Chain-Drive on the Land's End

W.B. has dealt with the MCC’s Anniversary Commemoration Run, held in conjunction with this year’s Land’s End Trial, elsewhere in this issue (see page 737). However, Motor Sport was also represented on the main trial, this year passengering in a 1933 Colmore Frazer Nash driven by long-time Classic Trials ‘Nash exponent, Hugh Leigh. The invitation to members of the VSCC to take part in the Anniversary Run encouraged a number of that club’s regular trials drivers to turn out in the main event, so the number of pre-war cars taking pan in the 1981 Land’s End Trial was greater than usual and included a brace of 30/98 Vauxhalls driven by Brian Gray and Tony Jones, a team of three Frazer Nashes, the Colmore, a TT Replica driven by Leigh’s son, David, on his first MCC Trial, and the well known Boulogne of Tim Boyce. VSCC President, Tom Threlfall, and his brother-in-law, Richard Campbell, were using a pair of model A Fords, Barry Clarke and Sue Halkyard were Austin 7 mounted, while Bernard Kain used his Bugatti. Singer Le Mans and MG’s of assorted varieties were in abundance and David Bowles was using his ex-Ulster TT V8 Ford.

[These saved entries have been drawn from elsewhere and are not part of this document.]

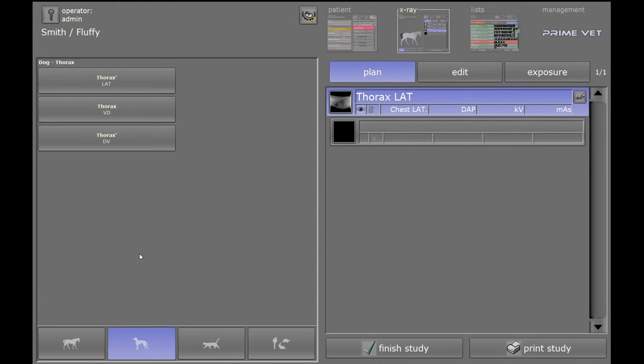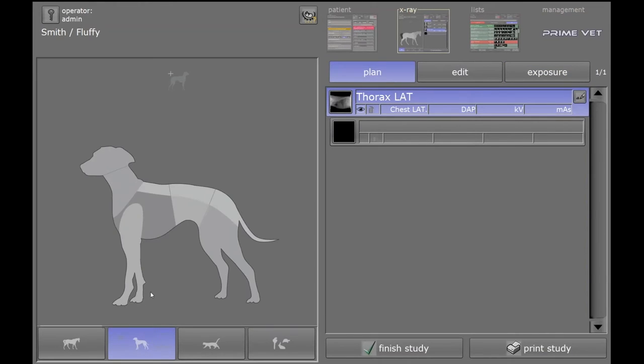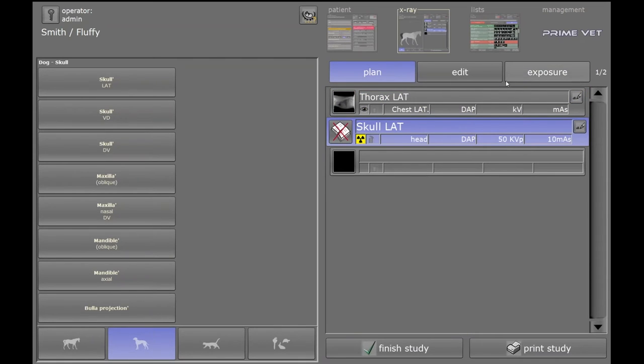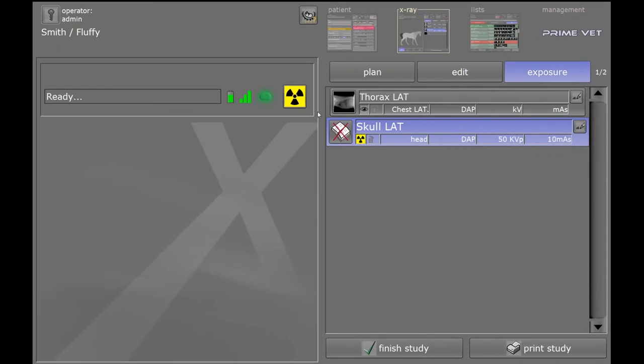If I go to Plan, I can go ahead and add another view if need be.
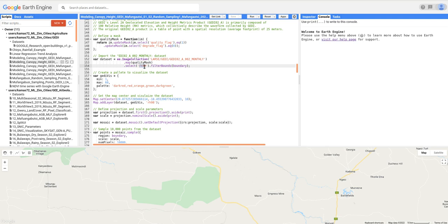Next, we prepare the training dataset. Here we are using the GEDI Level 2A geolocated elevation and height matrix product, which is composed of 100 relative height metrics. The original data is a table of points with a spatial resolution of around 25 meters. We create a mask to get only the areas where we have GEDI data, focusing on relative height 98 (RH98), which provides our training data containing the forest canopy height. We then create a palette to visualize the dataset.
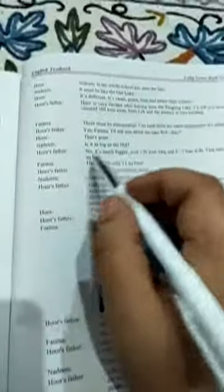Nadeem: Is it as big as the Dal? Hore's father: No, it is much bigger - 130 kilometers long and six to seven kilometers wide. That makes it about 700 square kilometers. Fatima: Dal Lake is only 11 square kilometers. Hore's father: And Pangong has saline water - that is salty, namkeen, brackish water.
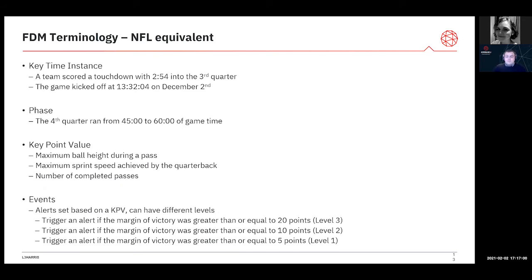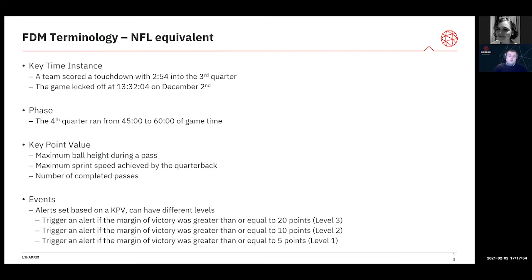If we relate this back to the NFL, our key time instances are not particularly interesting for statistics — what time the game kicked off, not really relevant. But if we want to compare our event-based performance to another team in another league, and their definition of a level three game is winning by 10 points while ours is winning by a different margin, suddenly we're not making an equivalent comparison. Always be wary of event statistics, and be particularly wary of anyone trying to compare their event rates to yours or to other operators. That's where the FDX platform comes in.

The ‘Nash team chose to start from Bristol, leaving the Gordano Service area just before midnight on Good Friday and motoring gently through the night by way of Chippenham and Warminster to the rendezvous at Sparkford on the A303, for the start of the trial proper. First section was Sug Lane, a narrow track winding its way over a railway bridge and climbing up to the high ground above the village. Conditions were particularly dry this year, and no competitors had any trouble while we were waiting, although a rather low slung TR4 looked as if it might suffer on the hard ruts.

Motoring through the quiet of the moonlit night along Somerset lanes brought us to Croford Hill, which proved easy in the dry conditions but could be really difficult in the wet when the baked mud surface would soon turn to a slippery slurry. Thence to Minehead and Porlock.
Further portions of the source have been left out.